15 Mar 2019 15:30pm
WINDHOEK, 15 MAR (NAMPA) The Southern African Development Community (SADC) is experiencing slow economic growth, which compromises macroeconomic convergence, SADC Executive Secretary, Dr Stergomena Lawrence Tax said here on Friday.
Tax was speaking at the official opening of the two-day SADC Council of Ministers meeting in Windhoek, where ministers from the 16 member states are amongst others discussing issues of regional importance and considering a number of strategic documents.
After experiencing robust economic growth prior to the global financial and economic crisis in 2008/09, economic growth in the region has slowed down, thus compromising macroeconomic convergence, Tax said.
She noted that the region also has a challenge with inclusiveness.
The structure of the economies of the region remain undiversified, with a growing resource-based and stagnant manufacturing sector, she said.
Another challenge in the region is income disparity.
Huge disparities remain in the region in terms of income, with about half of the member states having a GDP per capita below US.dollars 1 000, Tax said.
The Executive Secretary further pointed out that the regions goods market remains small.
The goods market in the region remains small. While intra-SADC trade is increasing at a slow pace, the regions total trade with the world remains small at between 15 per cent and 21 per cent, Tax added.
As a result, SADC intends to put an industrialisation plan in place to increase economic growth.
This points to the need to intensify implementation of the SADC Industrialisation Strategic and Roadmap by ensuring that all interventions in the three pillars of the Industrialisation Strategy, which aims to accelerate economic growth through technological and economic transformation and as such enhance comparative and competitive advantage of our economies, are implemented in a synergistic manner, she said.
Speaking about the regions corporate plan and budget, Tax said from April to December 2018, SADC recorded a performance of 77 per cent and utilised 76 per cent of its budget.
Allocation for industrial development, market integration and infrastructure increased from 38 per cent in 2015/16 to 48 per cent in 2018/19, which is slightly lower than the Resource Allocation Framework by 2 per cent, Tax said.
Peace and security allocations increased from 14 per cent to 17 per cent which is higher than the Resource Allocation framework by 2 per cent.
Allocation for programmes of regional dimension decreased from 48 per cent in 2015/16 to 35 per cent in 2018/19, which is in line with the SADC Resource Allocation Framework, Tax said.

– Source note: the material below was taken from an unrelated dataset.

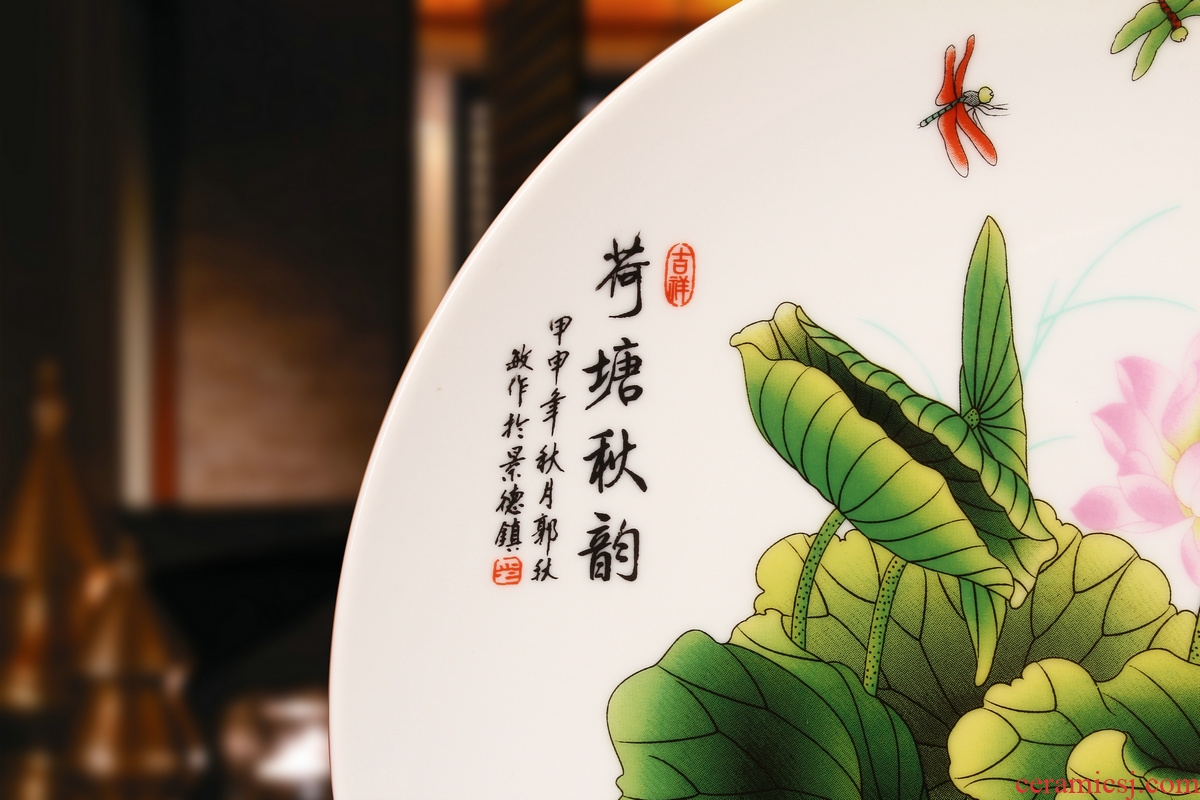 Jingdezhen ceramics powder enamel lotus blue sit hang dish plate faceplate Chinese style classical decoration home furnishing articles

The framework is a system for allocating resources to SADC member states.
The Council of Ministers oversees the functioning and development of 16 SADC Member States and ensures that policies and decisions are implemented. It consists of ministers from each of the member states; usually from the ministries responsible for foreign affairs and international relations, economic planning finance or trade and meets in March and August every year.